(Saved entries)
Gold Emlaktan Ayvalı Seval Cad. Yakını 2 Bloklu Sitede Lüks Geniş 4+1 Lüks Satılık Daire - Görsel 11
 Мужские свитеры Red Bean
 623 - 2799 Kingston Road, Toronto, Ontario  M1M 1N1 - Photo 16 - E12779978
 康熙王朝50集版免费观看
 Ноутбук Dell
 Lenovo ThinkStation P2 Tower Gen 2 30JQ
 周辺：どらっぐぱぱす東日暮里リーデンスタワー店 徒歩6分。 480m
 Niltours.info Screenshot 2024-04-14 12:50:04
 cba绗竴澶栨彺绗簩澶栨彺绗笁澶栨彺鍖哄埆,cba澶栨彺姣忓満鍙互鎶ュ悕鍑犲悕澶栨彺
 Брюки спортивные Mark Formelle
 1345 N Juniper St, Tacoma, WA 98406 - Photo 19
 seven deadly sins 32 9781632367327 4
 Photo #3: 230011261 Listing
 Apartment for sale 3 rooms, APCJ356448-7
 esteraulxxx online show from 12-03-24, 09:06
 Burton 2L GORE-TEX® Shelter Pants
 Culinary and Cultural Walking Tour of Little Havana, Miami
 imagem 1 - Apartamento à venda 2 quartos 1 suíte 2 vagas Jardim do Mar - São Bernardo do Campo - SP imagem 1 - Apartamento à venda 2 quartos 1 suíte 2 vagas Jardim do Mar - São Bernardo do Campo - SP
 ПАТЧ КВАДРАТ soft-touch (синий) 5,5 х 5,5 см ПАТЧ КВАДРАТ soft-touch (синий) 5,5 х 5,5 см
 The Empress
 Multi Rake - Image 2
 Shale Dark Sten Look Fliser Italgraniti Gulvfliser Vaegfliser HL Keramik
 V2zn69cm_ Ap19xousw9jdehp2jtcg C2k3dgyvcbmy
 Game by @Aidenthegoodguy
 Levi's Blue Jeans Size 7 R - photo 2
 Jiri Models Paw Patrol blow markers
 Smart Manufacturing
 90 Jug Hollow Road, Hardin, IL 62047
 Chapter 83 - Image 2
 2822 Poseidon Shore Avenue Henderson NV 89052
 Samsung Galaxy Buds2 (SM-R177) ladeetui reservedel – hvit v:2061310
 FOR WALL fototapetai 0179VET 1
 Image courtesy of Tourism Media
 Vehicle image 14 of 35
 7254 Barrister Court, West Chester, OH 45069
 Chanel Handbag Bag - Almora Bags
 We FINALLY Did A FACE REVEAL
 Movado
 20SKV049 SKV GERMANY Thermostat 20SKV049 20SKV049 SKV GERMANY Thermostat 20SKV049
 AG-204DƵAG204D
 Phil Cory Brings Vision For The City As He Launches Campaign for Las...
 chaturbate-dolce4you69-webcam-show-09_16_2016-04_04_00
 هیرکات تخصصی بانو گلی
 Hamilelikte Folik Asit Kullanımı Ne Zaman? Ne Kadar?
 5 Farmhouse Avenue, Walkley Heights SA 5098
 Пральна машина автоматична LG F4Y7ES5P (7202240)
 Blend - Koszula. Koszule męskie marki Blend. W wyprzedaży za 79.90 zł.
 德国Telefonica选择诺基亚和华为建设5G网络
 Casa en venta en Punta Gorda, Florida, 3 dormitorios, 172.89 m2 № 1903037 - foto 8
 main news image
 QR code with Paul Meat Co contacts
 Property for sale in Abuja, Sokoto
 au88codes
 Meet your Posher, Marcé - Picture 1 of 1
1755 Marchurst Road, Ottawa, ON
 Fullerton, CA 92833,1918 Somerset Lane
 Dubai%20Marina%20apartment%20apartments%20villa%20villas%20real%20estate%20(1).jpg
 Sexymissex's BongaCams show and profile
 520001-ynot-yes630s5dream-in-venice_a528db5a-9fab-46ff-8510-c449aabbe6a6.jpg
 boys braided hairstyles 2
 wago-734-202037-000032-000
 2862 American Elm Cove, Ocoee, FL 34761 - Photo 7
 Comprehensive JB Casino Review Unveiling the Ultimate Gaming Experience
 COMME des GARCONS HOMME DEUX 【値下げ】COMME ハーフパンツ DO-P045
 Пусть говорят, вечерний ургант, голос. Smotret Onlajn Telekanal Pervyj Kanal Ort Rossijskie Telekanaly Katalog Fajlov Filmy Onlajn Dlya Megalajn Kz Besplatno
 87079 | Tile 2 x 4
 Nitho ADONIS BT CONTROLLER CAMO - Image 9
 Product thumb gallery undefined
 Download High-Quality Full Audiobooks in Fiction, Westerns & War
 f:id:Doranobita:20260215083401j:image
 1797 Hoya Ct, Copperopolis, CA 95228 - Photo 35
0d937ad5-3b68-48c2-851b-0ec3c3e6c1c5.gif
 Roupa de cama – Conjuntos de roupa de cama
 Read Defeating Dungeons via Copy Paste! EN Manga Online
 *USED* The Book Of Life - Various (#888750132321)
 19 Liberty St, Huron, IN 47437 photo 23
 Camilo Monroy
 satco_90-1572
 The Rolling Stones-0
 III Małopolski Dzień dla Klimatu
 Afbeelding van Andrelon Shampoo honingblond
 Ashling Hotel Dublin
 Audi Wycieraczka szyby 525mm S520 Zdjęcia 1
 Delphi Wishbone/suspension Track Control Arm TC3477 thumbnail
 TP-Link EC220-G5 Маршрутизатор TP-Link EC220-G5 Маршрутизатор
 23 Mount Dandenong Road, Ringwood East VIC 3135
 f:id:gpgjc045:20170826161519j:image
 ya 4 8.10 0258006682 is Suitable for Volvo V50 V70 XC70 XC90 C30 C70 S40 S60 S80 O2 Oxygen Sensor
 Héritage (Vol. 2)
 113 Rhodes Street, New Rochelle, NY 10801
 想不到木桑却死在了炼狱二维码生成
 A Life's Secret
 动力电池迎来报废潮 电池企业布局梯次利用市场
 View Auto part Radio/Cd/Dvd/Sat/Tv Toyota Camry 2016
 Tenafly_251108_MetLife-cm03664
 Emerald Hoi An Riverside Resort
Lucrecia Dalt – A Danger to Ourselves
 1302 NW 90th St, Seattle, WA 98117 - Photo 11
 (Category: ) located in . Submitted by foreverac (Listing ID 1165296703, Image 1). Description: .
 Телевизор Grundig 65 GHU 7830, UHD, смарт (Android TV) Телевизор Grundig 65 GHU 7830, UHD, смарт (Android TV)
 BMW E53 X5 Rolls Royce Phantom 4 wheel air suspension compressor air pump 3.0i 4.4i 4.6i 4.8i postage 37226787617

Exercise prompt> Check each line of the records for the word "Listing", and show the lines that contain it.

Answer below>
 Photo #3: 230011261 Listing
 (Category: ) located in . Submitted by foreverac (Listing ID 1165296703, Image 1). Description: .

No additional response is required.